Show HN: Basic Set Operations - alephnullco
https://sets.alephnull.co
======
CarolineW
I can see how some people would want a web-based tool to used quickly and
easily, although personally it's not the approach I would take. Many years ago
I wrote python programs set_minus, set_union, and set_intersect that take two
(or more) sets and print the appropriate result. For example

    
    
        set_minus A B
    

... prints every line in A that's not in B. Similarly the others.

Fast, clean, command-line, results to be piped to be processed or put into
files.

Alternatively, if you want to union files you can just do this:

    
    
        sort A B | sort -u
    

If you want to find the intersection:

    
    
        sort <( sort -u A ) <( sort -u B ) \
        | uniq -c \
        | grep " 2 " \
        | sed "s/^ *2 *//"
    

So all these things are easily done from the command line.

Even so, as I said, I can see how some people would want a web-based tool, so
thanks for sharing!

------
alephnullco
Hey guys!

I thought this might be interesting to other people!
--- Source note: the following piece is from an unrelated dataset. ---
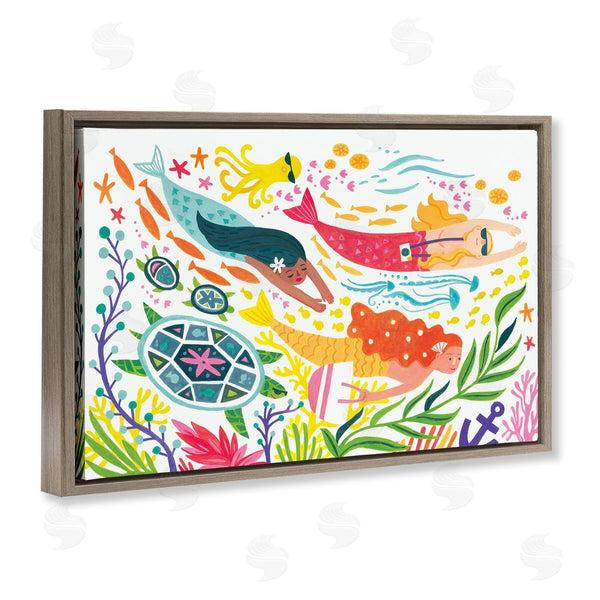 Stupell Industries Irene Chan | Underwater Swimming Mermaids
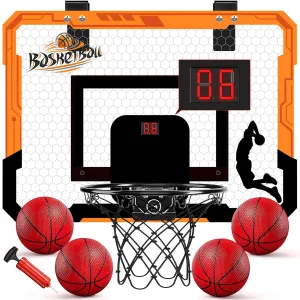 Indoor Mini Basketball Hoop for Kids, Over The Door Basketball Hoops, Mini Hoop Basketball with Scoreboard, 4 Balls, Birthday Gifts Toys for 5 6 7 8 9 10 11 12 Year Old Boys Girls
I built this little tool
because I often found myself needing to quickly calculate a union,
intersection, or difference of two lists, but there wasn't an easy way to it
(aside from pulling up Excel and building a v-lookup).

I thought it might be useful to share, I've been using it a bunch to just
quickly do some data operations and then drop the result into a SQL query or
job processor.

Let me know if you have any feedback!